Exercise instructions: Please restate, exactly as written, the lines running from the beginning of the material through the line that has "Mint Green &" in it.
# # # # #
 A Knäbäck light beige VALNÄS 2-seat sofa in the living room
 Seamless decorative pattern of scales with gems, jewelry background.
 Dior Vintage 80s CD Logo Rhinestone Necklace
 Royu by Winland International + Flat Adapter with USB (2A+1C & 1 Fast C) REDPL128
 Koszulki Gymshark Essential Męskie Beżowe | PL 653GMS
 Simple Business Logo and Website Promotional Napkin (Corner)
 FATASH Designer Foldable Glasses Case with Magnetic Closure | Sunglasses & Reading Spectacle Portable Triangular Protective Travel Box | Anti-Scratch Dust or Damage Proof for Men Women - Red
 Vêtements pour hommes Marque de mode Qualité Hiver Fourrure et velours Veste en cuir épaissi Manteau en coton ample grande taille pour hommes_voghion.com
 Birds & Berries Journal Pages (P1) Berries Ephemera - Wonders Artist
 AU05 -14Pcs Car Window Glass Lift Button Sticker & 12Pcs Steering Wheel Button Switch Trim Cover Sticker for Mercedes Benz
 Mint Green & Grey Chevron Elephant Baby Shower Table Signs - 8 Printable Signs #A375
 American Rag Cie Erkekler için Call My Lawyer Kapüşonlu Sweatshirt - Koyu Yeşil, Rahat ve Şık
# # # # #
Finished task:
 A Knäbäck light beige VALNÄS 2-seat sofa in the living room
 Seamless decorative pattern of scales with gems, jewelry background.
 Dior Vintage 80s CD Logo Rhinestone Necklace
 Royu by Winland International + Flat Adapter with USB (2A+1C & 1 Fast C) REDPL128
 Koszulki Gymshark Essential Męskie Beżowe | PL 653GMS
 Simple Business Logo and Website Promotional Napkin (Corner)
 FATASH Designer Foldable Glasses Case with Magnetic Closure | Sunglasses & Reading Spectacle Portable Triangular Protective Travel Box | Anti-Scratch Dust or Damage Proof for Men Women - Red
 Vêtements pour hommes Marque de mode Qualité Hiver Fourrure et velours Veste en cuir épaissi Manteau en coton ample grande taille pour hommes_voghion.com
 Birds & Berries Journal Pages (P1) Berries Ephemera - Wonders Artist
 AU05 -14Pcs Car Window Glass Lift Button Sticker & 12Pcs Steering Wheel Button Switch Trim Cover Sticker for Mercedes Benz
 Mint Green & Grey Chevron Elephant Baby Shower Table Signs - 8 Printable Signs #A375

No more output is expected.